_WORK ORDER:_ Retype, exactly and with nothing added, the lines from the one showing "Aerial view of" through the final line of the material. Omit pictures.

_RECORDS SHOWN:_

────────────────────────────────────────

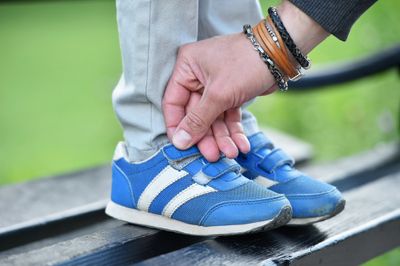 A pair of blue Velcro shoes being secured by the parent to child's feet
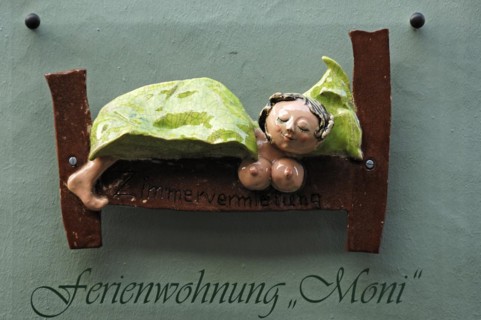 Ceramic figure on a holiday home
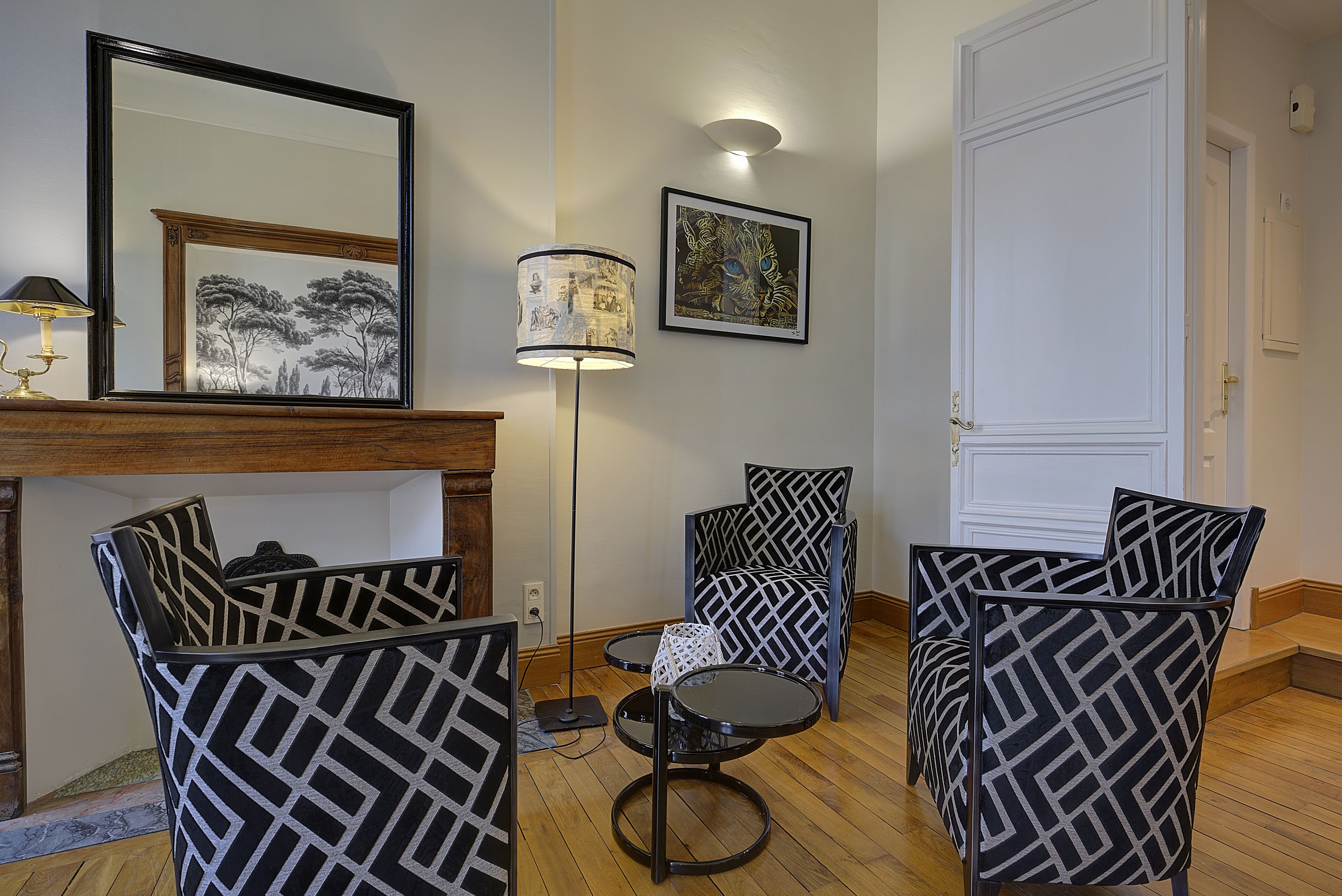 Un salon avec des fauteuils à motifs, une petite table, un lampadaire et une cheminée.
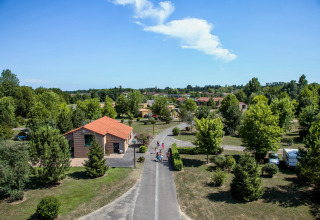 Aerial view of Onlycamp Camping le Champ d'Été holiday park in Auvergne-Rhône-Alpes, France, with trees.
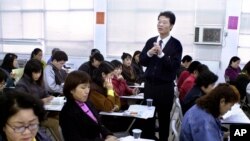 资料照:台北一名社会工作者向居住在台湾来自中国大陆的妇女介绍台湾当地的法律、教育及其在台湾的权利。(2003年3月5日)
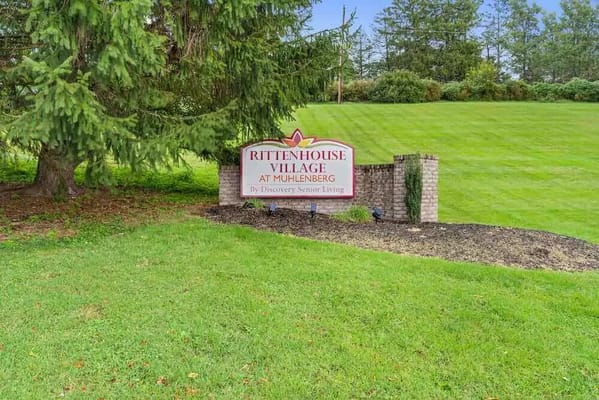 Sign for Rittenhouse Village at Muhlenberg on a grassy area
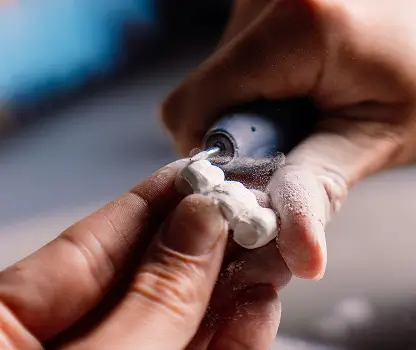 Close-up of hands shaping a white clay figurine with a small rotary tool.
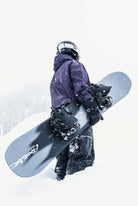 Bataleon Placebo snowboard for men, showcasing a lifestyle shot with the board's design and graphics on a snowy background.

────────────────────────────────────────

_REPLY TO THE TASK:_
 Aerial view of Onlycamp Camping le Champ d'Été holiday park in Auvergne-Rhône-Alpes, France, with trees.
 资料照:台北一名社会工作者向居住在台湾来自中国大陆的妇女介绍台湾当地的法律、教育及其在台湾的权利。(2003年3月5日)
 Sign for Rittenhouse Village at Muhlenberg on a grassy area
 Close-up of hands shaping a white clay figurine with a small rotary tool.
 Bataleon Placebo snowboard for men, showcasing a lifestyle shot with the board's design and graphics on a snowy background.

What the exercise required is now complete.